## YOUR OBJECTIVE
Copy only the lines from the one containing "btn-warning btn-sm float-right" through the final line of the records below, exactly as written, with no pictures.

## RECORDS FOR PROCESSING

________________

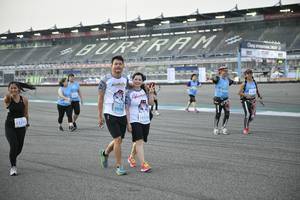 BIB: 1034, 13534, 13235
                            <button type="button" onclick="openModal(10716154)" class="btn btn-primary btn-sm float-right btn-popup" data-toggle="modal" data-target=".modal-high-quality">
                        <i class="fas fa-shopping-cart"></i> Add to Cart
                    </button>
                                            <button type="button" onclick="isThisMe(10716154, true)" class="btn btn-success btn-sm float-right btn-popup btn-isme hidden" data-toggle="tooltip" data-placement="bottom" title="นี่คือรูปของคุณใช่ไหม คลิกที่นี่เพื่อเอาเข้าอัลบั้ม">
                        <i class="fas fa-plus"></i> Add to album
                    </button>
                    <button type="button" onclick="isThisMe(10716154, false)" class="btn btn-warning btn-sm float-right btn-popup btn-isnotme hidden">
                        <i class="fas fa-ban"></i> Remove from album
                    </button>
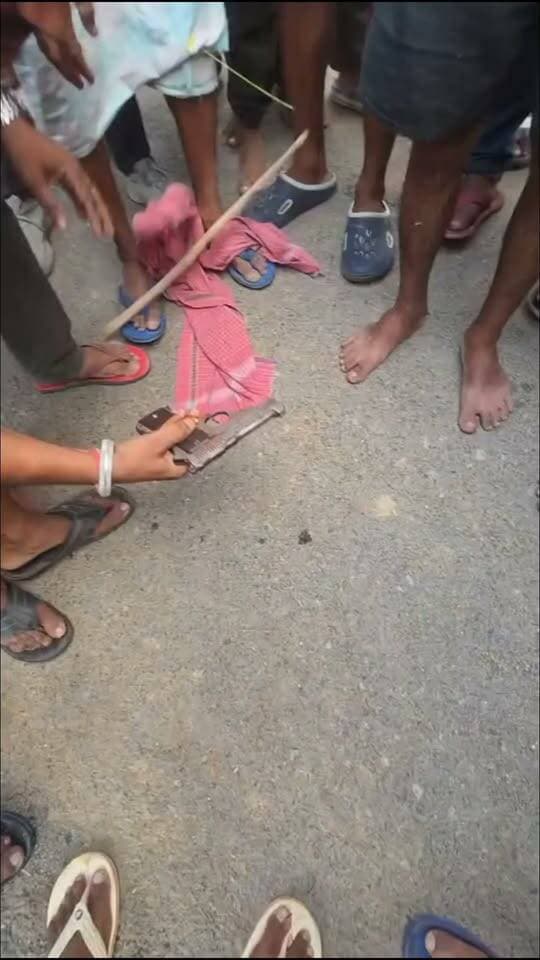 फाइनेंस कर्मी से लूट की वारदात को अंजाम देकर भाग रहा एक आरोपित ग्रामीणों के चंगुल में फंस गया। लोगों ने उसे पकड़ लिया, जिसके बाद घटनास्थल पर हंगामे की स्थिति बन गई। तलाशी के दौरान आरोपित के पास से पिस्तौल, लूट की रकम और मोबाइल फोन बरामद किए जाने की बात सामने आई है। आखिर किस तरह ग्रामीणों ने भाग रहे आरोपित को पकड़ा और मौके पर क्यों मचा हंगामा? देखिए घटना का पूरा वीडियो।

________________

## RESULT OF THIS EXERCISE
                    <button type="button" onclick="isThisMe(10716154, false)" class="btn btn-warning btn-sm float-right btn-popup btn-isnotme hidden">
                        <i class="fas fa-ban"></i> Remove from album
                    </button>
 फाइनेंस कर्मी से लूट की वारदात को अंजाम देकर भाग रहा एक आरोपित ग्रामीणों के चंगुल में फंस गया। लोगों ने उसे पकड़ लिया, जिसके बाद घटनास्थल पर हंगामे की स्थिति बन गई। तलाशी के दौरान आरोपित के पास से पिस्तौल, लूट की रकम और मोबाइल फोन बरामद किए जाने की बात सामने आई है। आखिर किस तरह ग्रामीणों ने भाग रहे आरोपित को पकड़ा और मौके पर क्यों मचा हंगामा? देखिए घटना का पूरा वीडियो।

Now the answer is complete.